Ziatech, an Intel
(INTC)
subsidiary, employs about 200 people making and selling servers and
communications equipment.
"We can attract a lot of young people who want to stay around
here,'' says Hassan Miah, a Hollywood veteran who came here and
founded Xing Technology, which helped develop file-swapping
technology and was purchased by RealNetworks
(RNWK)
in 1999.
Miah, formerly the head of new media at Creative
Artists Agency in Beverly Hills, Calif., also founded SloMedia,
a company that develops digital entertainment software. It's based
in the heart of downtown, but Miah is leading a migration to a
fledgling industrial zone near the city's airport that officials
hope will become a hub for technology firms. Miah broke ground in
November on a 56,000-square-foot complex that was specially equipped
with high-speed Internet access to attract software companies,
especially in entertainment. SloMedia will occupy half of the space
and lease the rest. "I'm pretty bullish on the area,'' Miah says.
The new complex will help address the main obstacle to San Luis
Obispo's emergence as a full-fledged tech center: the city's
long-standing slow-growth policies and the consequent tight market
for office and manufacturing space. The community's skittishness
about growth dates back to the 1980s, when locals were stunned by an
influx of Los Angeles retirees and white-flighters who erected
suburban tract boxes in the surrounding pastures.
These days local officials want low-impact businesses, such as
software and new-media companies, that can take advantage of the
city's location along the state's fiber-optic data network, which
links up here with trans-Pacific undersea cables. However, officials
remain wary about going too far. Recent plans for a
130,000-square-foot fiber-optic switching center hit a snag when the
architectural review commission objected that it would block views
of the Santa Lucia Mountains.
Another factor for business executives pondering a move here:
College students grab most of the rental vacancies in town, and the
area's attractiveness and the tight rein on growth have driven home
prices to new heights. The median home price in the area hit
$260,000 last year, low for the Bay Area or Los Angeles, but a 20
percent jump over the previous year.
For now, Wireless Mountain is happy with its office space. The
staff works in a sunny, open room with pods and enough open space
for a pingpong table. But King is uncertain about what will happen
when the company outgrows its current digs, a former nursery behind
Spike's Place, a bar and grill on Higuera Street downtown. The city
is so strict about expansion that, he says, "I'm not sure this is
the place for a company that is doubling and tripling in size."

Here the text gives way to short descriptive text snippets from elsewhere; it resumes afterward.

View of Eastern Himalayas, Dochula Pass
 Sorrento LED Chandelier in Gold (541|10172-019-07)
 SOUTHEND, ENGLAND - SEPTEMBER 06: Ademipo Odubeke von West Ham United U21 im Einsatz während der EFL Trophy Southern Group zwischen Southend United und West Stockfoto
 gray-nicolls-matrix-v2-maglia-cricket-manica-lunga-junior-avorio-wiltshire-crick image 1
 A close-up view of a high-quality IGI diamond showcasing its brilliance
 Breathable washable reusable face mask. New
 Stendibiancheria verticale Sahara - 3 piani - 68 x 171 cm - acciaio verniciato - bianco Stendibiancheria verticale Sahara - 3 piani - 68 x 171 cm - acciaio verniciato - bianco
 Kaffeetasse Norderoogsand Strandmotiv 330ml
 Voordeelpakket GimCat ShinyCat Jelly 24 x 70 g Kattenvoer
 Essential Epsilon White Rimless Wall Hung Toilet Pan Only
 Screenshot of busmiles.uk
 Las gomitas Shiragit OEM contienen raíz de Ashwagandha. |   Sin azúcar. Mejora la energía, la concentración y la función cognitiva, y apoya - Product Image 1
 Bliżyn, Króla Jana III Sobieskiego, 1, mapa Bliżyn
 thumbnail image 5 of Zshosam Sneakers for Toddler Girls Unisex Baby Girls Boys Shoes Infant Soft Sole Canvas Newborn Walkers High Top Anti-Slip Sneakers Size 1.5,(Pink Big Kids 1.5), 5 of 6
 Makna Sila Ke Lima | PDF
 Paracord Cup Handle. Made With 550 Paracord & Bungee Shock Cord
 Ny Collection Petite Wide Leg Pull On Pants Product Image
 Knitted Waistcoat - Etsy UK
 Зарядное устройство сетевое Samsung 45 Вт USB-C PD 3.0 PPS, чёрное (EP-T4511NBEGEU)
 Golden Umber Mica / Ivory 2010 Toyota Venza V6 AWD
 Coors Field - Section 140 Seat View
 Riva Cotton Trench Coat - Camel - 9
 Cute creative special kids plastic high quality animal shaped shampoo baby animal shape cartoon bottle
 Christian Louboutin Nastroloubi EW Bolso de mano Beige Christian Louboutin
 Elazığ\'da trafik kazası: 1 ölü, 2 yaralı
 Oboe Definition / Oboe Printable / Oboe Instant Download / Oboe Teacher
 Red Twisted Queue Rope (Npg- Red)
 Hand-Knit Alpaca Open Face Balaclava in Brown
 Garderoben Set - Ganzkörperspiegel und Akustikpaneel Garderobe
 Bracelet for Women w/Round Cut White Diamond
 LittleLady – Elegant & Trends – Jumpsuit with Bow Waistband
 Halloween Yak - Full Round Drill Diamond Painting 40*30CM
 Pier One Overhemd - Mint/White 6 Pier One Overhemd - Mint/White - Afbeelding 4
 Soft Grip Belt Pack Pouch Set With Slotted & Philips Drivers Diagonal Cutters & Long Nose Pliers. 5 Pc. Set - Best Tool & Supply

Maybe not, but the firm's marketing director, Mary Slagle, is
against moving. After telecommuting for tech firms elsewhere, she
landed a job at Wireless Mountain, 15 easy miles from her home in
the beach town of Arroyo Grande. The commute takes her past coastal
dunes and diving pelicans – and precious few traffic snarls: "For
the L.A. commuter or the San Jose commuter, this place is heaven."